Short text fragments from websites:

***

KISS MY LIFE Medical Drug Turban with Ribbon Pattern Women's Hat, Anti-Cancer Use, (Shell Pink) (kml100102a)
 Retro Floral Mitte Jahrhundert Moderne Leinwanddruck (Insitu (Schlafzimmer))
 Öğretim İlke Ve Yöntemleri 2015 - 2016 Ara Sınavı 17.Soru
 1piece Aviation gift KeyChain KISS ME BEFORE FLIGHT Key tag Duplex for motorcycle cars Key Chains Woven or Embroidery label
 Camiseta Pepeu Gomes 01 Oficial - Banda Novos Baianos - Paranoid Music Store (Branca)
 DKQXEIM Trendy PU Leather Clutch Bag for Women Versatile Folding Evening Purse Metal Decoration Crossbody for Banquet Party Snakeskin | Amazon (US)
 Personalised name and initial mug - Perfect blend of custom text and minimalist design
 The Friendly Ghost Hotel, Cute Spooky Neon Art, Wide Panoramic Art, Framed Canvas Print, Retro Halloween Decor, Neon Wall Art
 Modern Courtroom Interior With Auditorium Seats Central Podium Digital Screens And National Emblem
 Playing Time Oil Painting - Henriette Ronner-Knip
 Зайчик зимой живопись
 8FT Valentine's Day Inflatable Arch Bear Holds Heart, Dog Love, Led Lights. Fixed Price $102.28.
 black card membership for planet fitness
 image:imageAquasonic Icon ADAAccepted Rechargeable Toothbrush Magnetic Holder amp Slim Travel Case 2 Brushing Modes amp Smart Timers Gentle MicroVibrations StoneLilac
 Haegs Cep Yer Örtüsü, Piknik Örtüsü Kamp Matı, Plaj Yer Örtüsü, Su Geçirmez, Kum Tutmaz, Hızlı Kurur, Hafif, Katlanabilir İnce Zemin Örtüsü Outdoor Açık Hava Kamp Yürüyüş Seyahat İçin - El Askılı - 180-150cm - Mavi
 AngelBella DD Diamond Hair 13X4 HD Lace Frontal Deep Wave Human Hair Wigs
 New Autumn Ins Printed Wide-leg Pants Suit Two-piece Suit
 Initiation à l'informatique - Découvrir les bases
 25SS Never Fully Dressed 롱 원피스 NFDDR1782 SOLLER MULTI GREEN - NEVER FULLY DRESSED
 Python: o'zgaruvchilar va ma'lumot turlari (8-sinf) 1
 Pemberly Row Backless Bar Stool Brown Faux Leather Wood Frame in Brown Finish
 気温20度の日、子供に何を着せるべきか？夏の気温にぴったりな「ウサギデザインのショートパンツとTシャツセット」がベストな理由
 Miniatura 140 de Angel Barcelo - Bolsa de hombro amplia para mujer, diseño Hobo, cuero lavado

***

YOUR INSTRUCTIONS: Please return the data above exactly as given.

ANSWER SPACE:
KISS MY LIFE Medical Drug Turban with Ribbon Pattern Women's Hat, Anti-Cancer Use, (Shell Pink) (kml100102a)
 Retro Floral Mitte Jahrhundert Moderne Leinwanddruck (Insitu (Schlafzimmer))
 Öğretim İlke Ve Yöntemleri 2015 - 2016 Ara Sınavı 17.Soru
 1piece Aviation gift KeyChain KISS ME BEFORE FLIGHT Key tag Duplex for motorcycle cars Key Chains Woven or Embroidery label
 Camiseta Pepeu Gomes 01 Oficial - Banda Novos Baianos - Paranoid Music Store (Branca)
 DKQXEIM Trendy PU Leather Clutch Bag for Women Versatile Folding Evening Purse Metal Decoration Crossbody for Banquet Party Snakeskin | Amazon (US)
 Personalised name and initial mug - Perfect blend of custom text and minimalist design
 The Friendly Ghost Hotel, Cute Spooky Neon Art, Wide Panoramic Art, Framed Canvas Print, Retro Halloween Decor, Neon Wall Art
 Modern Courtroom Interior With Auditorium Seats Central Podium Digital Screens And National Emblem
 Playing Time Oil Painting - Henriette Ronner-Knip
 Зайчик зимой живопись
 8FT Valentine's Day Inflatable Arch Bear Holds Heart, Dog Love, Led Lights. Fixed Price $102.28.
 black card membership for planet fitness
 image:imageAquasonic Icon ADAAccepted Rechargeable Toothbrush Magnetic Holder amp Slim Travel Case 2 Brushing Modes amp Smart Timers Gentle MicroVibrations StoneLilac
 Haegs Cep Yer Örtüsü, Piknik Örtüsü Kamp Matı, Plaj Yer Örtüsü, Su Geçirmez, Kum Tutmaz, Hızlı Kurur, Hafif, Katlanabilir İnce Zemin Örtüsü Outdoor Açık Hava Kamp Yürüyüş Seyahat İçin - El Askılı - 180-150cm - Mavi
 AngelBella DD Diamond Hair 13X4 HD Lace Frontal Deep Wave Human Hair Wigs
 New Autumn Ins Printed Wide-leg Pants Suit Two-piece Suit
 Initiation à l'informatique - Découvrir les bases
 25SS Never Fully Dressed 롱 원피스 NFDDR1782 SOLLER MULTI GREEN - NEVER FULLY DRESSED
 Python: o'zgaruvchilar va ma'lumot turlari (8-sinf) 1
 Pemberly Row Backless Bar Stool Brown Faux Leather Wood Frame in Brown Finish
 気温20度の日、子供に何を着せるべきか？夏の気温にぴったりな「ウサギデザインのショートパンツとTシャツセット」がベストな理由
 Miniatura 140 de Angel Barcelo - Bolsa de hombro amplia para mujer, diseño Hobo, cuero lavado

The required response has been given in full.